Resolved by Robert K. Tanenbaum
(Pocket Books, $7.99, V) ISBN 0-7434-5287-9
****
Resolved is the fifteenth novel by Tanenbaum that focuses on Assistant District Attorney Butch Karp, his family and the streets of New York City. A reader new to the Karp series must realize that the author has already used approximately 55,000 pages to shape and reshape the principal characters, so that serious attempts to give a complete backstory on each of them would be impossible. New readers to this series may have a difficult time catching up.

This story opens as Butch Karp realizes his boss is posturing for higher office, and since Butch is the leading light in the office, he knows he could be soon in the running. He views this prospect with the boredom that he has come to accept as his job. Meanwhile, his wife Marlene is living in self-imposed exile away from the family on Long Island while running a training center for attack dogs. Marlene is apparently suffering from post-traumatic stress syndrome and depression. His twin sons roam the neighborhood in humorous fun and his daughter Lucy is on a sabbatical from college. Lucy volunteers in a soup kitchen and spends her time helping the homeless.

Felix Tighe is a psychopathic killer Karp helped convict in the past, presently serving time in prison. Feisal Abdel Ridwan is another prisoner there who works in the infirmary in a fairly trusted position. Feisal’s outside interests are the running of a terrorist organization functioning in New York City. Always looking for recruits, he finds an opportunity to use Tighe. Tighe’s single obsession is the hatred he focuses on Karp and all who had a part in his conviction. Feisal trades his assistance in getting Tighe out of prison for a commitment to help his organization.

Tighe leaves the prison in a coffin in a drug induced state resembling death and is revived in the terrorist safe house. His actions are soon controlled and directed to accomplishing Feisal’s campaign of terrorism, which he is all too happy to assist.
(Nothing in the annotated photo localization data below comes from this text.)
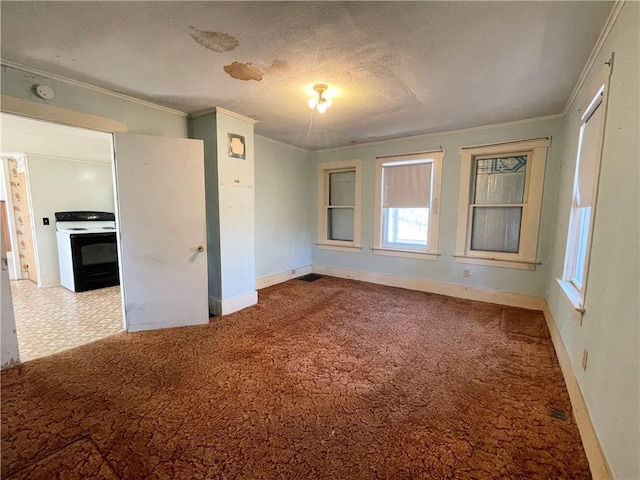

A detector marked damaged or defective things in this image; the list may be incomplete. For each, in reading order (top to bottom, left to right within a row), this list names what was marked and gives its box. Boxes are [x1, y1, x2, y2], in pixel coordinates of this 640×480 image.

water damaged ceiling [0, 1, 612, 150]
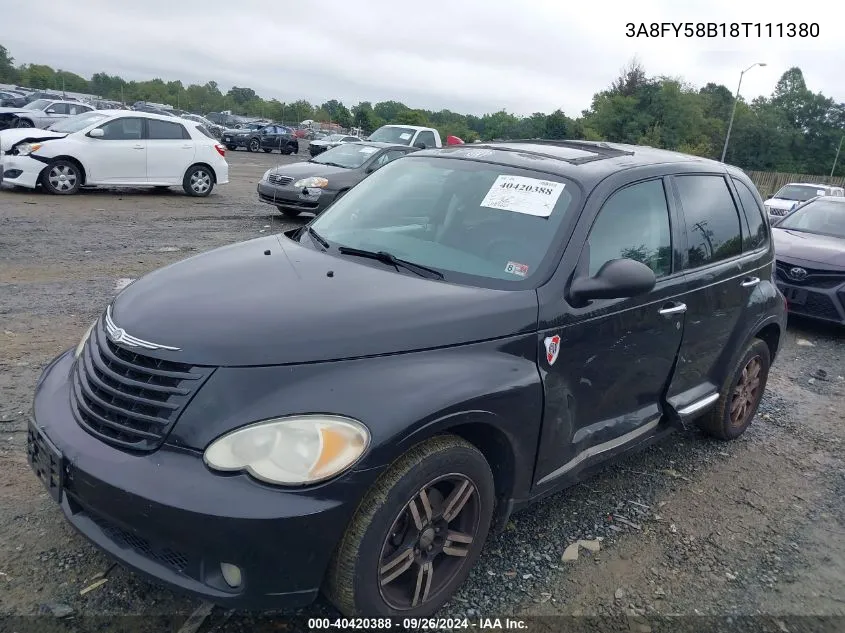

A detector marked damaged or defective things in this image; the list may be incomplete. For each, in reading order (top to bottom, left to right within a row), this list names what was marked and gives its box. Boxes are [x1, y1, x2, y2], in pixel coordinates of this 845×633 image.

damaged vehicle [0, 99, 95, 130]
damaged vehicle [0, 110, 227, 195]
damaged vehicle [29, 141, 788, 616]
With the terrorist equipment, he is able to siphon off enough material for the odd bomb, which he is able to utilize in his quest to punish old enemies.

Meanwhile since his campaign is directed primarily against Karp, he fashions a plan to go after Lucy first. He meets her in the soup kitchen and begins to cultivate a relationship.

Tanenbaum’s plot is well structured, complex and in a dark way reflects the effects of 9/11 on the denizens of New York. Woven into this plot are Karp’s family and his now fragile marriage. This is all meshed with the police procedural and jurisprudential issues common in a suspense novel. It is an optimistic undertaking, which Tanenbaum easily handles with snappy, often funny, dialogue and heartwarming moments. Be warned however, at places the story is gratuitously gory.

The author uses pacing to his best advantage and maintains a high level of tension with Tighe’s obsessive hatred fueling the conflict. Tighe’s rage keeps this story spiraling to extremely intense level. As an uncommon twist, readers may notice an abundance of symbolism in Resolved.